» **Activity**
Leaving out all pictures, retype the records exactly.

Caption-style text data:
════════
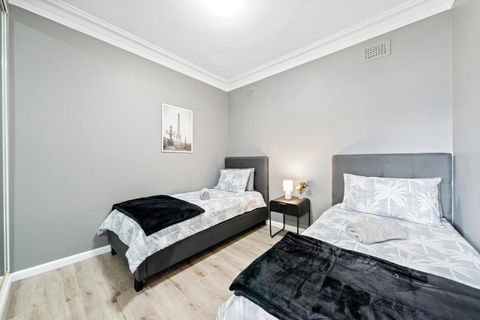 New 2 Bedroom House 500m To Mall With Free Parking - Accommodation Sunshine Coast 3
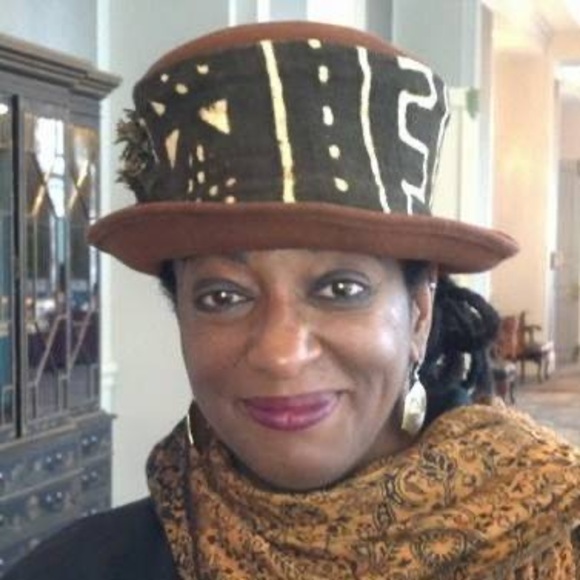 Profile Picture of Etta Lambert (@etta22701) on Poshmark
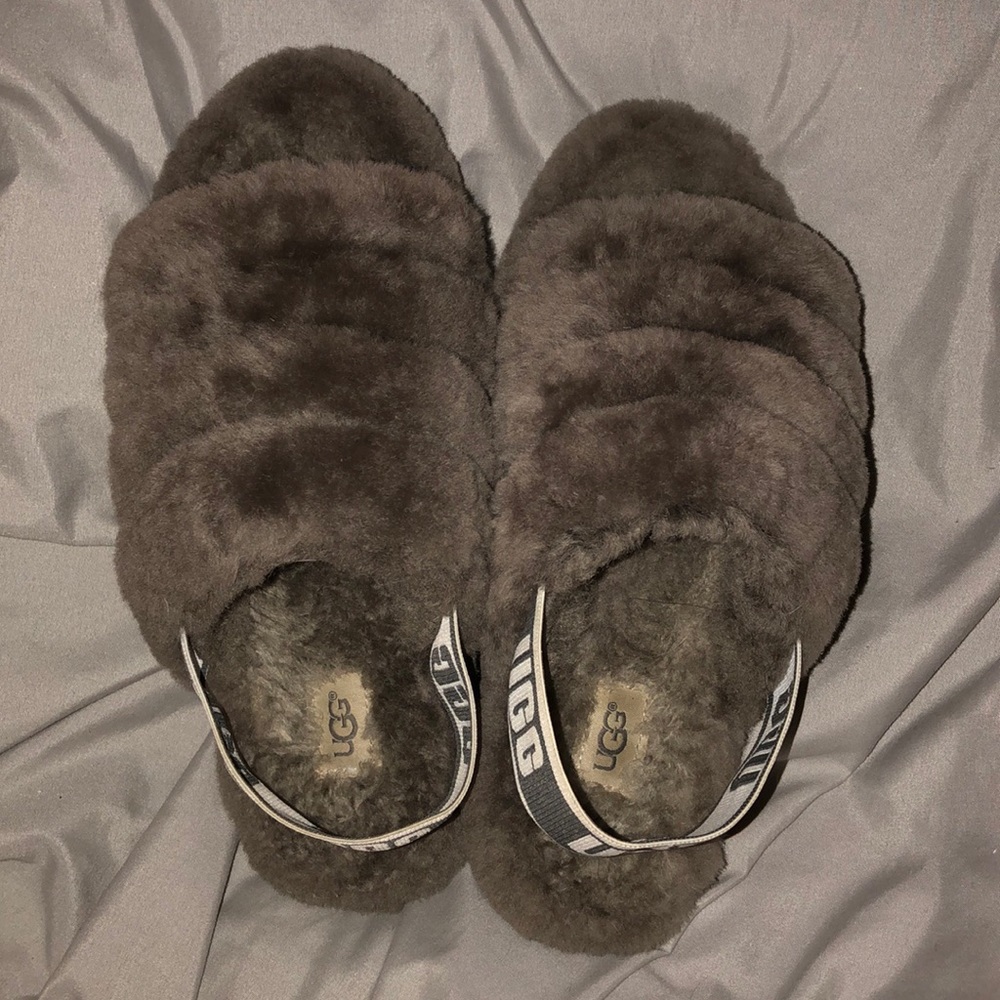 Ugg Fluff yea Slippers Size 7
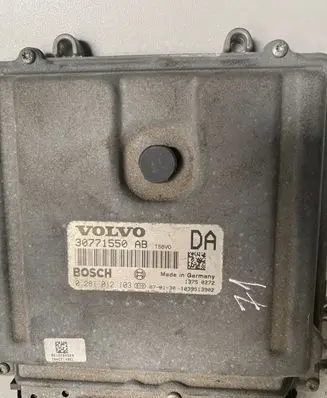 Volvo XC90 Engine control unit/module 30771550AB 0281012103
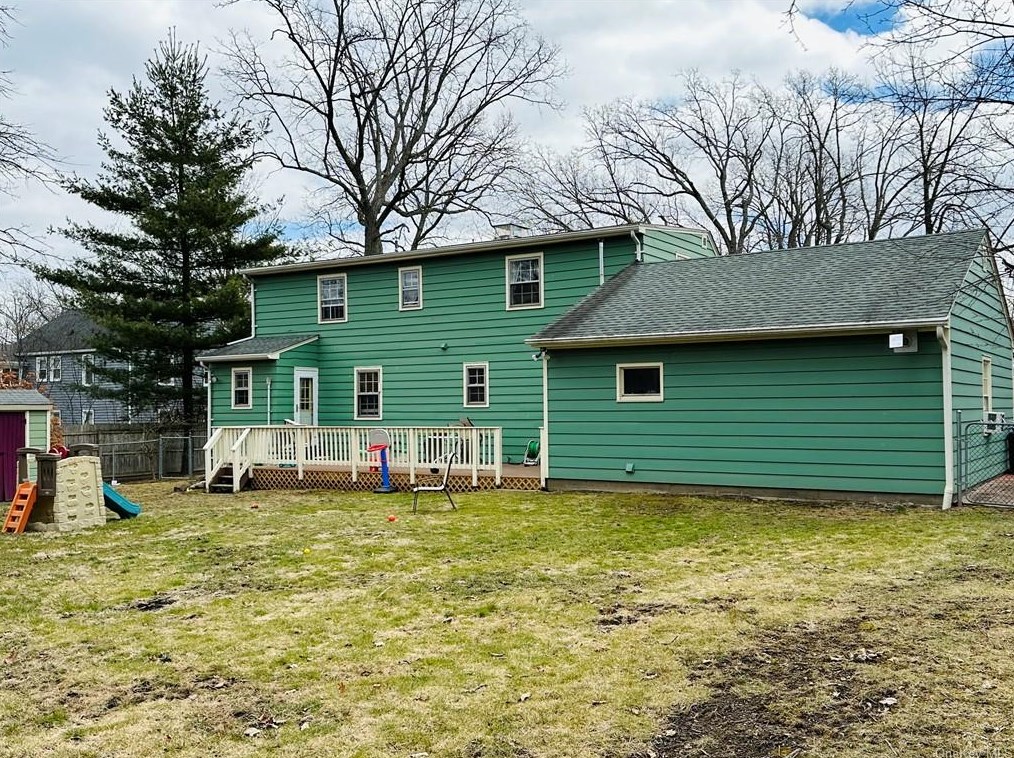 54 Maple St, Cornwall, NY 12518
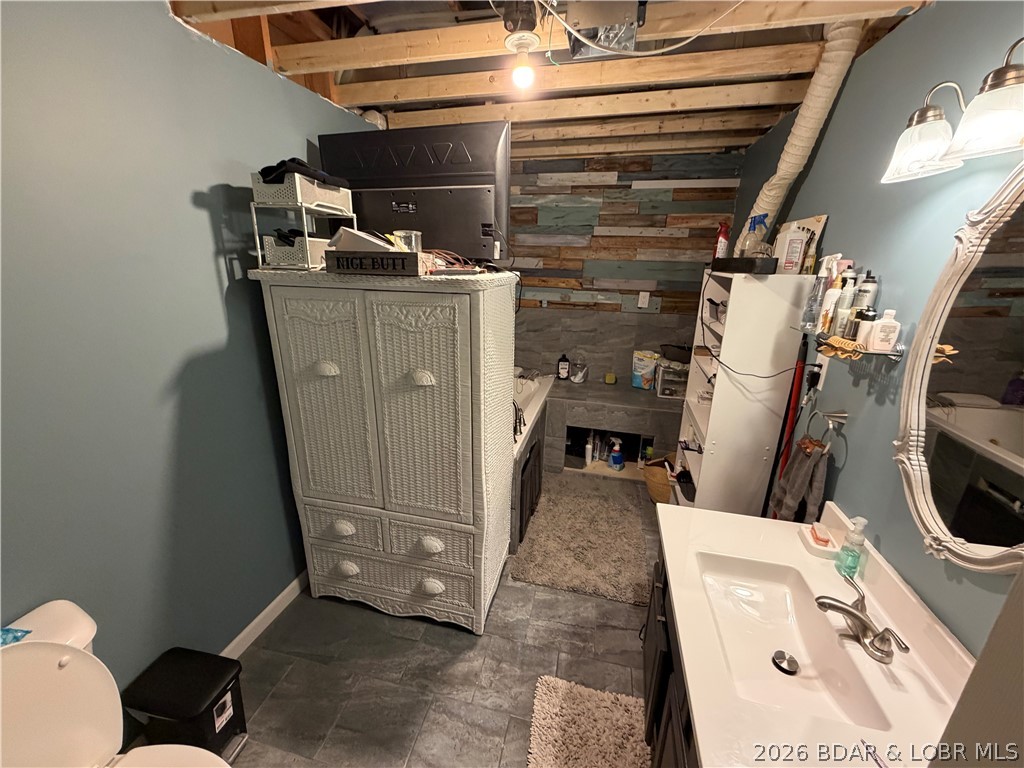 16 Seven Rdgs Road Camdenton, MO 65020 - Photo 21 of 31 Master Bathroom(Lower Level)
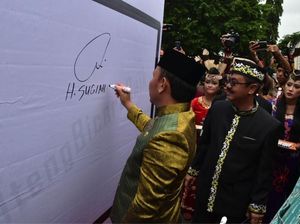 Penandatanganan Deklarasi #KaltengBicaraBaik Dalam Peringatan HUT Ke-61 Provinsi Kalimantan Tengah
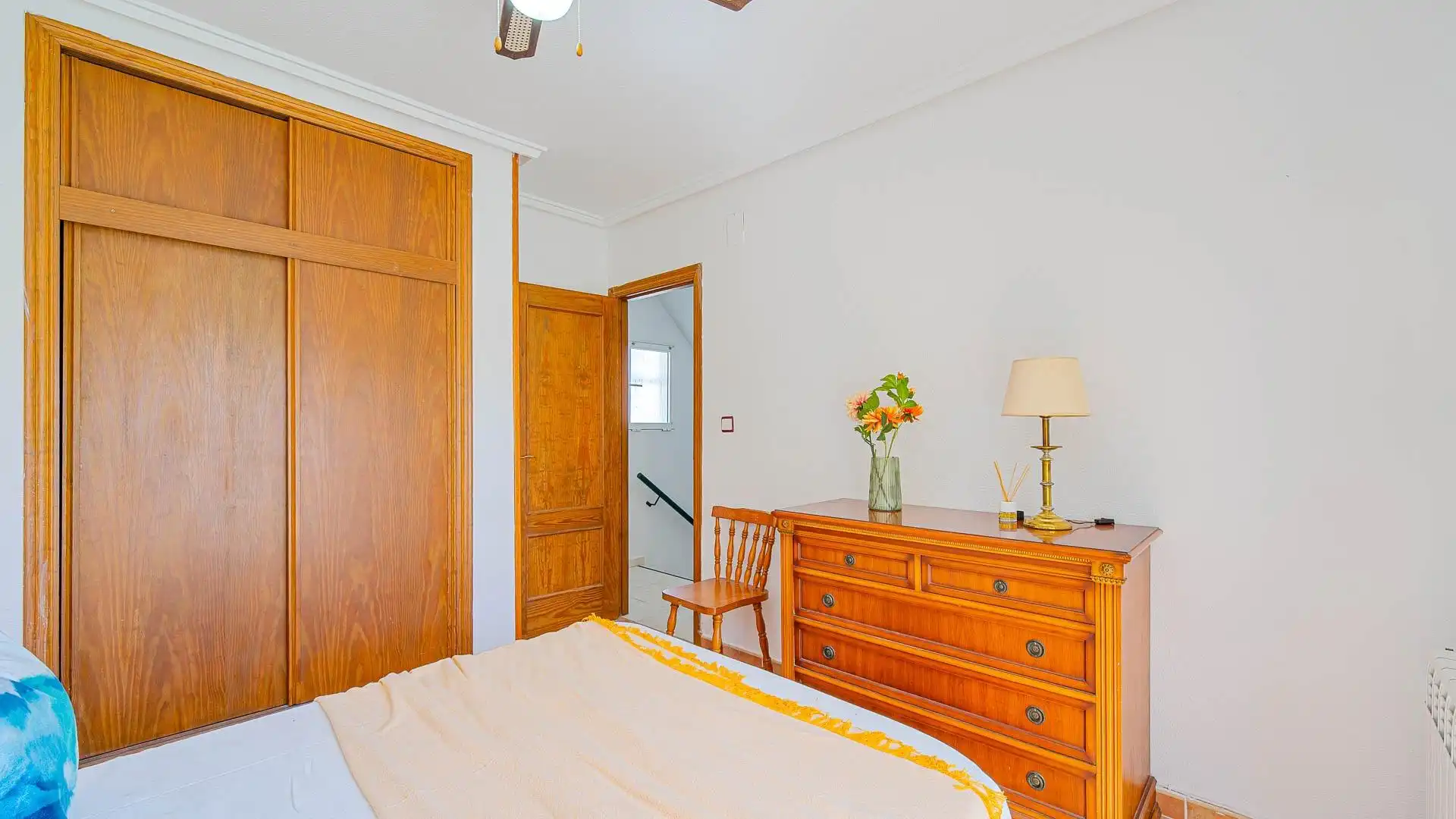 Habitación de Casa adosada en venta en Orihuela con Aire acondicionado, Calefacción y Jardín privado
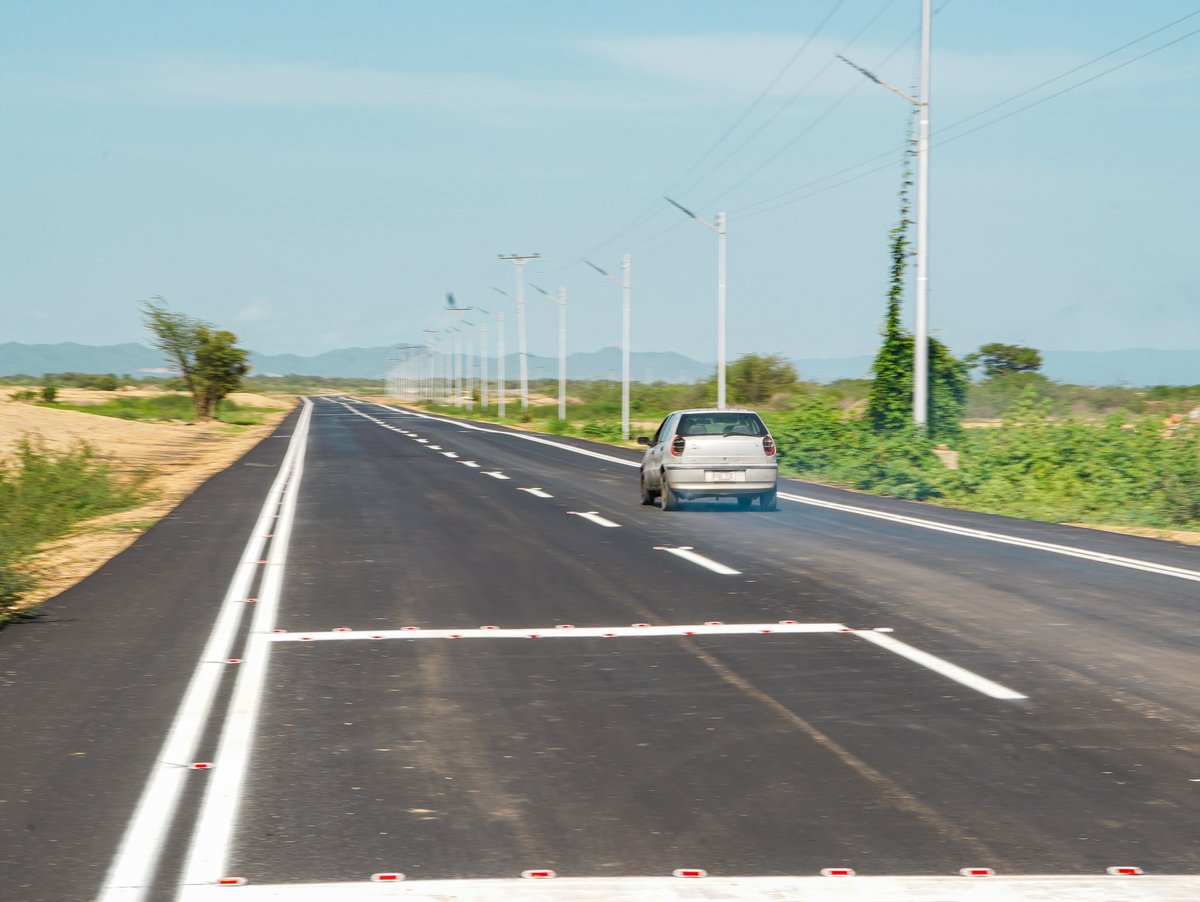sugeyherreram's tweet photo. Rehabilitamos 3.2 KM de vialidad hacia la comunidad de Caicara! Una obra que traerá bienestar a sus habitantes y que nos permitirá seguir impulsando nuestra economía a través del turismo🙌🏽 https://t.co/a6U1FiXAPD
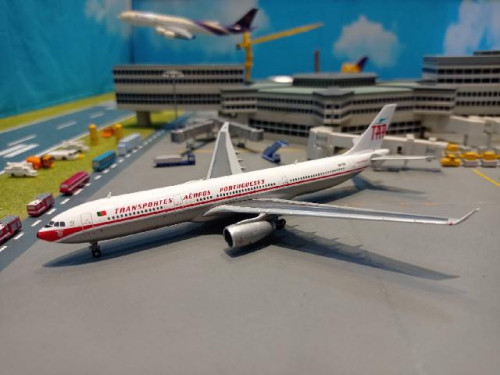 GJ1685 1:400 TAP A330-300 Retro Livery CS-TOV [Width 15 Length 15.5 Height 4 cms.]
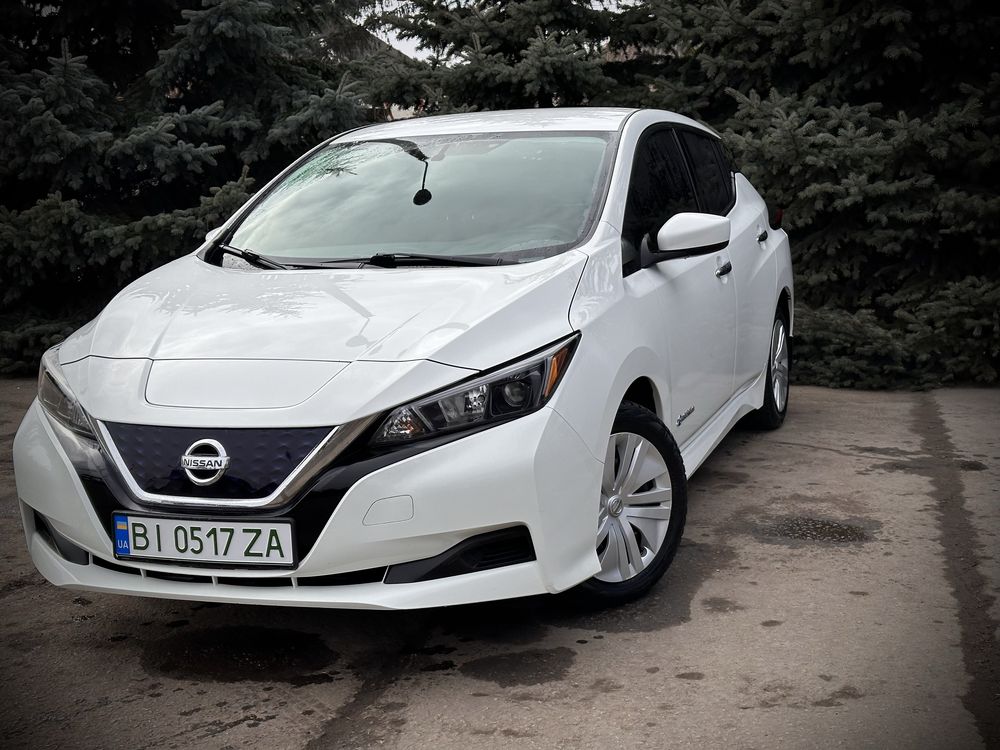 NISSAN LEAF 2018 ниссан лиф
════════
» **Response area**
 New 2 Bedroom House 500m To Mall With Free Parking - Accommodation Sunshine Coast 3
 Profile Picture of Etta Lambert (@etta22701) on Poshmark
 Ugg Fluff yea Slippers Size 7
 Volvo XC90 Engine control unit/module 30771550AB 0281012103
 54 Maple St, Cornwall, NY 12518
 16 Seven Rdgs Road Camdenton, MO 65020 - Photo 21 of 31 Master Bathroom(Lower Level)
 Penandatanganan Deklarasi #KaltengBicaraBaik Dalam Peringatan HUT Ke-61 Provinsi Kalimantan Tengah
 Habitación de Casa adosada en venta en Orihuela con Aire acondicionado, Calefacción y Jardín privado
sugeyherreram's tweet photo. Rehabilitamos 3.2 KM de vialidad hacia la comunidad de Caicara! Una obra que traerá bienestar a sus habitantes y que nos permitirá seguir impulsando nuestra economía a través del turismo🙌🏽 https://t.co/a6U1FiXAPD
 GJ1685 1:400 TAP A330-300 Retro Livery CS-TOV [Width 15 Length 15.5 Height 4 cms.]
 NISSAN LEAF 2018 ниссан лиф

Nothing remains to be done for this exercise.